You know it’s a bad omen when… or maybe not.
There were no omens. No dark clouds following me. Not even a rotten morning to blame it on. Nope, by the end of it all, I just had to laugh and drink my tea.
But none of that makes sense until I tell the story!
Once upon today, I was headed out on an adventure with my youngest. We were off to join up with Costco. That’s right, until today, we had not taken the plunge into bulk shopping. But today, as it turned out, was going to be about all kinds of things… in bulk.
The ride over was uneventful. The process by which we became members was borderline boring, and the shopping was overwhelming for sure, but not in the all consuming way I thought it would be. We went through the check out. We had our receipt checked by the smiling lady near then exit (which was also Costco sized), and we made it to the car, which is kind of a big deal for me because I always lose my car in new parking lots (and if I’m totally honest, familiar ones too).

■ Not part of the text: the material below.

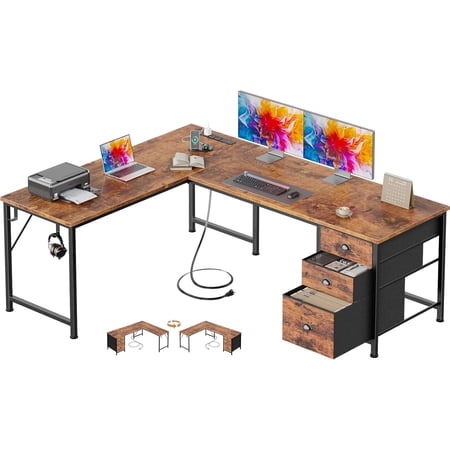 JessieMal 63" L Shaped Computer Desk with Power Outlet, Reversible Home Office Desk with 2 Fabric Drawers, File Cabinet, Hooks, Corner Work Table, Rustic Brown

I maneuvered the extra large cart through the parking lot, through the heat (yes, nearly 80 degrees and loving it) and to the back of our car. Into the purse I went for the keys, and after only 15 seconds or so, I could foresee my immediate future. I shaded my eyes as I peered into the front seat… at the keys sitting on the passenger seat, gleaming at me, as if to just taunt me.
But one thing I love about being back in the states is that a goof up like this doesn’t turn into an epic event (or so I thought). We called our AAA representative and waited in the shade, having nori and juice, until the truck arrived to retrieve my keys. He arrived quick, but the car was very good at staying secure. So it took some time… some standing in the sun, until it was ready.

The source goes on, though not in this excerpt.